Inspector rejects South Worcestershire's Development Plan housing evidence
Photo courtesy of brianac37 on Flickr
4th November 2013
Planning Inspector Roger Clews’ Interim Conclusion of South Worcestershire’s Development Plan (SWDP) has questioned the housing evidence provided based on 23,200 dwellings required by 2030.
Malvern Hills District Council, Worcester City Council and Wychavon District Council, who constructed the joint local plan, will now need to do undertake more work on the technical evidence used.
In a letter to the councils, he said, the number of homes required “is likely to be substantially higher than the 23,200 figure identified in the submitted Plan.”
He said “I consider that there are three fundamental shortcomings in the approach taken in the SHMA. In combination they mean that its assessment of housing need is unreliable and does not provide a sound basis for the planning of housing provision in the Plan area.”

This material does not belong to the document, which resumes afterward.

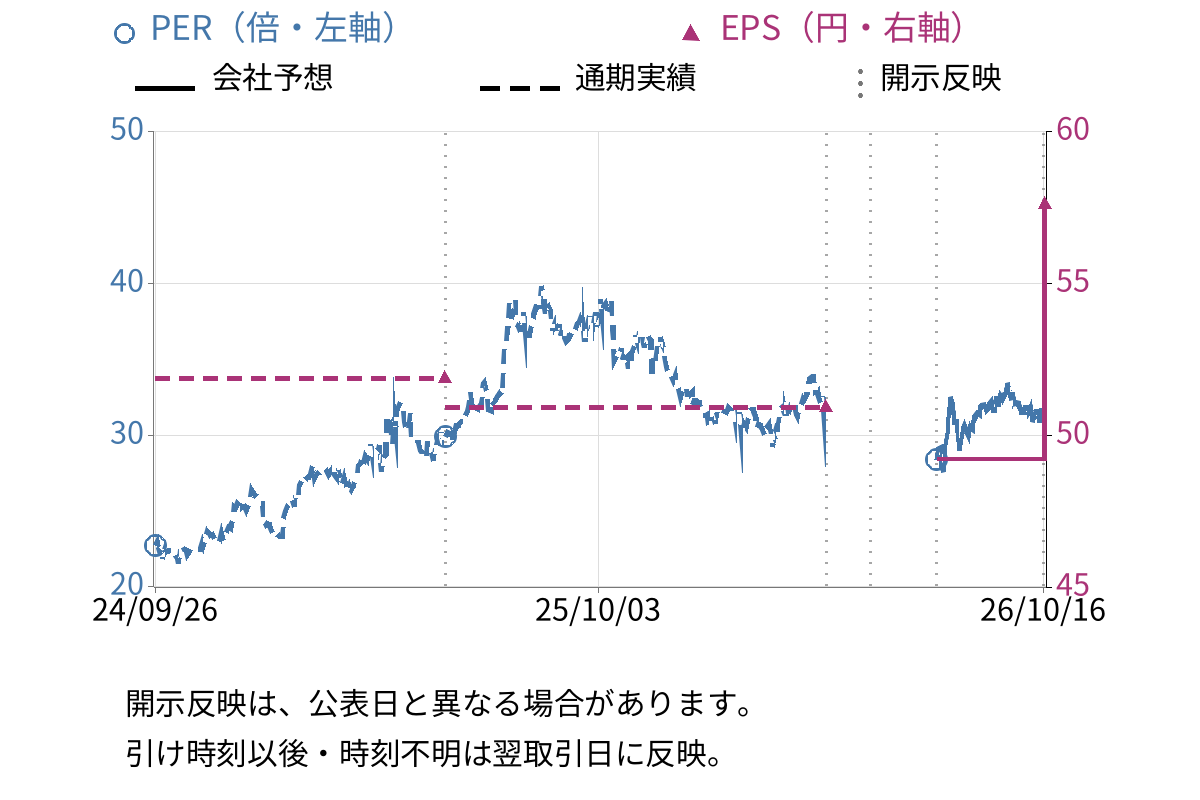 東宝 (9602) のEPS・PER推移チャート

Firstly, he said “The SHMA does not use Household Representative Rates (HRR) drawn from the 2008-based DCLG household projections or any other official population or household statistics. Instead, for the purposes of the SHMA, HRR were recalibrated using the total number of occupied properties in the Plan area in 2011, drawn from Council Tax records.”
By contrast, when the 2011 household figures drawn from the 2008-based household projections are compared with the 2011 Census figures, the overall discrepancy is significantly lower, albeit with greater divergences in the individual figures for two of the three districts.”
Secondly, he said “The job growth figures underlying CS4 were based on employment forecasts for the three South Worcestershire districts produced by Cambridge Econometrics [CE] in 2009. It appears to have no basis in current trends and it is not reflected in any of the other employment forecasts provided to the examination.”
His third point highlighted a lack of convincing evidence to support the assumed increases in older people’s economic participation rates.
On the matter of the Duty to co-operate with neighbouring Local Authorities, he said “The main area of controversy is whether or not the South Worcestershire Councils’ have co-operated effectively over housing provision with the three north Gloucestershire councils who are producing a Joint Core Strategy, and with Birmingham City Council. It is argued that the Plan fails to take adequate account of unmet housing need in the JCS area and in Birmingham.
Turning to Birmingham, it may well be, on current evidence, that the City Council [BCC] will face a substantial shortfall of land within its boundaries to meet its arising housing need. The extent of the shortfall, and proposals for how it might be addressed, is currently being considered through a sub-regional Strategic Housing Study.”
The SWCs are not directly involved in the sub-regional Strategic Housing Study and the inspector agreed this appropriate given their distance from Birmingham.
Clews concluded “At this time, therefore, there is no clear evidence that any land in South Worcestershire will be required to meet part of Birmingham’s housing need. It would be contrary to the plan-making objectives of the National Planning Policy Framework [NPPF] to delay the examination of the Plan until any such evidence may have emerged. In that event, the on-going duty to co-operate will require the SWCs to engage with BCC and other authorities over the issue.”